The first child in India created and conceived solely to save the life of a sibling has been born, reports the BBC, raising bioethical questions. Kavya Solanki was able to save the life of her brother, making the experiment a success — and potentially inspiring the practice of “savior siblings” to grow.

Sahdev and Aparna Solanki both have thalassemia minor, which can cause symptoms similar to anemia. But their son, Abhijit, was born with thalessemia major, the most severe form of the disorder, which can be life-threatening. It is caused when the beta globin genes are missing, which leads to less hemoglobin — which carries oxygen — and fewer red blood cells than normal.

“Every 20-22 days, he needed 350ml to 400ml blood. By the age of six, he’d had 80 transfusions,” Sahdev told the BBC. “Abhijit was born after my first daughter. We were a happy family. He was 10 months old when we learnt that he was thalassaemic. We were devastated. He was weak, his immune system was compromised and he often became ill. And when I found out that there was no cure for his illness, my grief doubled.”

The Solanki family soon learned that a bone marrow transplant could be a cure, but no one in his family was a match. It was then that he learned of so-called “savior siblings” — babies born specifically to donate cells, blood, or organs to their older siblings.

Sahdev contacted Dr. Manish Banker, a fertility specialist, and they created a baby without thalassemia, using pre-implantation genetic diagnosis. According to the BBC:

The technology used for Kavya’s birth is called pre-implantation genetic diagnosis – it allows embryos to be screened for disease-causing genes and has been used in India for a few years now, but it’s the first time it’s been used to create a saviour sibling.

Dr Banker says it took him more than six months to create the embryo, screen it and match it with Abhijit’s. Once they had the perfect match, the foetus was planted in the mother’s womb.

It is unclear how many preborn children were created, and then destroyed, in the process.

READ: Expert: The controversial gene editing of preborn children must be stopped

“After Kavya’s birth, we had to wait another 16 to 18 months so that her weight could increase to 10-12kg,” Banker told the BBC. “The bone marrow transplant was done in March. Then we waited for a few months to see whether the recipient had accepted the transplant before announcing it.”
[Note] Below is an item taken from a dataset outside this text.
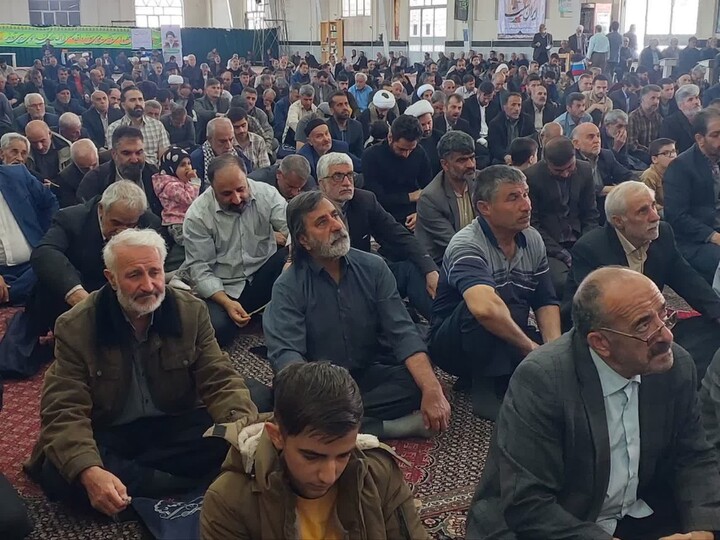 تصاویر / اقامه نماز جمعه در بهار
The transplant was ultimately successful, and Sahdev says that Abhijit has been declared cured. “We love her even more than our other children,” he said. “She’s not just our child, she’s also our family’s saviour. We’ll be grateful to her forever.”

Sex-selective abortion has resulted in millions of missing girls in India due to a cultural preference for sons over daughters. When a girl is unwanted, she is killed — yet, when a son’s life needs to be saved, a girl can be created to cure him, even if it puts her own life at risk. This kind of gendercide is disturbing, particularly considering it is so rarely recognized, and even more rarely condemned.
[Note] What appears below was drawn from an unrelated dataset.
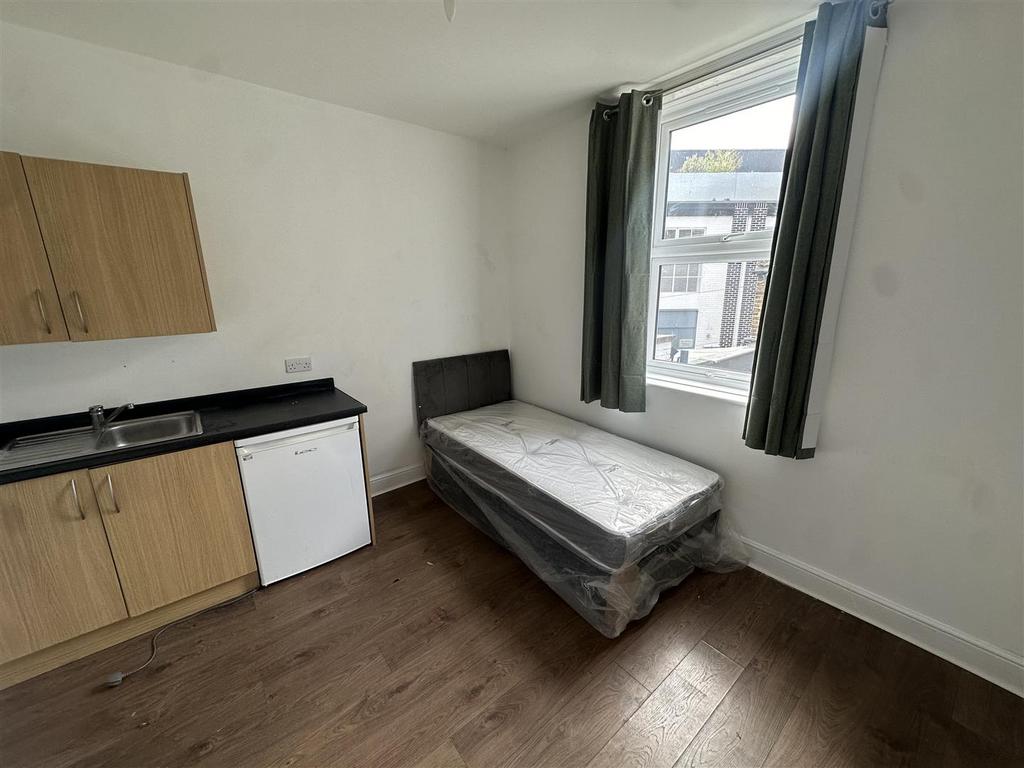 Temp Imaged Xiu01.jpg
Kavya is not the first person created solely for the purpose of saving a sibling’s life. Adam Nash was also conceived using pre-implantation genetic diagnosis so he could donate cord blood to his sister, and is believed to be the world’s first savior sibling. Nash’s story created international headlines, and was ultimately the inspiration for the novel-turned-movie “My Sister’s Keeper.” Another savior sibling, Max Matthews, was also created in 2010 in the United Kingdom.

Ethicists have frowned on the idea of creating people solely to save other people. “We have to look at the parents’ motivation,” Professor John Evans, an expert on the ethics of gene editing, said in an interview with the BBC. “Did you have this child only for this reason to create a perfect genetic match for your [sick] child? If you did, then you’re putting at risk a child without their consent… It’s a very slippery slope and it’s very hard to put barriers on it. It’s one thing to create a saviour sibling for bone marrow, but how do you stop there? How do you not go on to modifying genes in existing humans?”